Der Schweizer Strommarkt erlebt die grösste Veränderung in seiner Geschichte: Liberalisierung, Preisgestaltung, Vergrösserung des Angebots. Dazu kommt die dringend notwendige Modernisierung der Infrastruktur. Diese äusseren Faktoren haben bereits zu vielen Fusionen von Stromversorgern geführt und ein Ende dieser Entwicklung ist nicht in Sicht.
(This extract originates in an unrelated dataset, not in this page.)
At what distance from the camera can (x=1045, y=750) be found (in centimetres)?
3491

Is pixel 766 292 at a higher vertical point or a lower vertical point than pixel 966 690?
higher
Dieser Artikel wurde am Dienstag, 30. August 2022 auf www.bulletin.ch publiziert.
Der Umbruch auf dem Schweizer Strommarkt ist ein grosser, aber auch ein langsamer: Vor über 20 Jahren wurde die Liberalisierung beschlossen – ganz umgesetzt ist sie noch immer nicht.
Traditionell ist die Schweiz der Stromproduktion gegenüber positiv eingestellt. Das weltweit erste Kraft- werk, das Strom an Dritte lieferte, wurde 1886 im luzernischen Littau in Betrieb genommen. Ab 1893 versorgte ein Flusskraftwerk die Stadt Zürich mit Strom. In der Folge entstanden in der ganzen Schweiz Kraftwerke, häufig in den Händen lokaler Betreibergesellschaften. 1910 zählte man 7000 Kleinwasserkraftwerke. 1980 wies die Schweiz 1200 Elektrizitätswerke für die allgemeine Versorgung auf und 80, die Strom für Bahnen und Industrie produzierten.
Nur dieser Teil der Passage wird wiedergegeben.